• _WHAT THE EXERCISE ASKS_
What is needed is an exact copy of the lines in the listing below, from the one with "MSC140F30-047G" up to and including the one with "Land for sale in Monroe County, Florida", with no other lines.

• _SUPPLIED MATERIAL_
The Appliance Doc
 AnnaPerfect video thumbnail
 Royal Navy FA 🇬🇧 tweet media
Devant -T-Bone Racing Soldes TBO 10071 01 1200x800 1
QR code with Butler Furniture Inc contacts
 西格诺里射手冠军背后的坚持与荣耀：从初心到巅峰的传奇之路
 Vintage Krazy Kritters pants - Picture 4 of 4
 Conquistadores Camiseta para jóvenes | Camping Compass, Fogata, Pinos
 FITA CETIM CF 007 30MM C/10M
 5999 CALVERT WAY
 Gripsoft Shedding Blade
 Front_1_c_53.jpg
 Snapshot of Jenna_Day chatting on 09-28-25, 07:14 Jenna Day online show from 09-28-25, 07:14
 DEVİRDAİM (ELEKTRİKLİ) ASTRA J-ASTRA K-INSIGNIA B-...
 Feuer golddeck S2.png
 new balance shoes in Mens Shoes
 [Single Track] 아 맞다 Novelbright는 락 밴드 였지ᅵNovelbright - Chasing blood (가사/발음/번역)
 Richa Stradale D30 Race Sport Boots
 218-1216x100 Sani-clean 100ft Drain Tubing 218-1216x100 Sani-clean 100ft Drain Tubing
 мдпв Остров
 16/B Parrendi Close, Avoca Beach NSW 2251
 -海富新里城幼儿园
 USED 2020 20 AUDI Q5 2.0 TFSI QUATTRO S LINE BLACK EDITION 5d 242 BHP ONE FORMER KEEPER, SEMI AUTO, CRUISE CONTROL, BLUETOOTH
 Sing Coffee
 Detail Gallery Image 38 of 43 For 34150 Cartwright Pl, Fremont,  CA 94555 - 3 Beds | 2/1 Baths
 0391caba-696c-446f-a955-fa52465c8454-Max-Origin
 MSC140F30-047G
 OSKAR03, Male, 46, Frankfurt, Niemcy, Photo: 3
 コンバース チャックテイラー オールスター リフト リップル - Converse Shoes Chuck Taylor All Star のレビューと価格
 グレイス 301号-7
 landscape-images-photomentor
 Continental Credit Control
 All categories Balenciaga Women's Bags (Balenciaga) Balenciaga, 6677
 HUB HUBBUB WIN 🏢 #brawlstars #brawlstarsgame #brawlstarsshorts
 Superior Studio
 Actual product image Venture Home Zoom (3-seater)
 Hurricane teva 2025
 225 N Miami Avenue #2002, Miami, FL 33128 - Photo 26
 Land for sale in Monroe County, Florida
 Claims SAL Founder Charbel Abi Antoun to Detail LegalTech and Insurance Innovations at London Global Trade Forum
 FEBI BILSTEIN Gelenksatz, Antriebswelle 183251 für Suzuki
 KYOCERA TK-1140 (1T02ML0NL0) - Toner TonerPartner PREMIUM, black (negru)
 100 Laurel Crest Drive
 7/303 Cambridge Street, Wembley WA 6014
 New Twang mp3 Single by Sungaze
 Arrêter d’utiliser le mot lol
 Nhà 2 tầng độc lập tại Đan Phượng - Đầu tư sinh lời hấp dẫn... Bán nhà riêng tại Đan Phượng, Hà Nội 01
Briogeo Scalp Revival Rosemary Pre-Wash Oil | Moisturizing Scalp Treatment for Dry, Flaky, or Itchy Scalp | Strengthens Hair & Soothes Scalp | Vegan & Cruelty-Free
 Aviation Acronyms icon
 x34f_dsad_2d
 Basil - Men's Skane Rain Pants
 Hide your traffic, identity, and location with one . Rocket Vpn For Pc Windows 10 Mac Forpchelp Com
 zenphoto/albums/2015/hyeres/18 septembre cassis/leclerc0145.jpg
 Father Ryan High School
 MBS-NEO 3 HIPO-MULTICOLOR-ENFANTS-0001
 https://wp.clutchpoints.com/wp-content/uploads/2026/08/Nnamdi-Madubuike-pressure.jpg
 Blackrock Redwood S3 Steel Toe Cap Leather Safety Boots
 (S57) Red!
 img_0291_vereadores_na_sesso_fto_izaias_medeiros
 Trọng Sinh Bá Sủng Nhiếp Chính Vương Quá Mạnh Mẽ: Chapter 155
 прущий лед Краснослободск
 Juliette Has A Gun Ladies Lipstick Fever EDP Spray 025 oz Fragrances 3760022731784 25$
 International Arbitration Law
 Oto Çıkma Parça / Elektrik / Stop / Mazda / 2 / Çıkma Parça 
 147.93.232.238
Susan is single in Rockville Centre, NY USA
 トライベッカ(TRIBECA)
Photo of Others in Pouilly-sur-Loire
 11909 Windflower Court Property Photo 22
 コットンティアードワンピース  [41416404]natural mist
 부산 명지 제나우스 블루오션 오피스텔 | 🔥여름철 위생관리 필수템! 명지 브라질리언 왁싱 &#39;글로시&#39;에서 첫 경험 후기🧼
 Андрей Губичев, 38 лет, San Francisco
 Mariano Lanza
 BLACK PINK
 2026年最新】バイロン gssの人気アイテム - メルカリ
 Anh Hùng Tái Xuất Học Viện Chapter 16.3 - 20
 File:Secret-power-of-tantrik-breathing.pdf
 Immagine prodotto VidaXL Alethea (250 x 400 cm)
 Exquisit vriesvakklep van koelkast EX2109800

• _ANSWER SPACE_
 MSC140F30-047G
 OSKAR03, Male, 46, Frankfurt, Niemcy, Photo: 3
 コンバース チャックテイラー オールスター リフト リップル - Converse Shoes Chuck Taylor All Star のレビューと価格
 グレイス 301号-7
 landscape-images-photomentor
 Continental Credit Control
 All categories Balenciaga Women's Bags (Balenciaga) Balenciaga, 6677
 HUB HUBBUB WIN 🏢 #brawlstars #brawlstarsgame #brawlstarsshorts
 Superior Studio
 Actual product image Venture Home Zoom (3-seater)
 Hurricane teva 2025
 225 N Miami Avenue #2002, Miami, FL 33128 - Photo 26
 Land for sale in Monroe County, Florida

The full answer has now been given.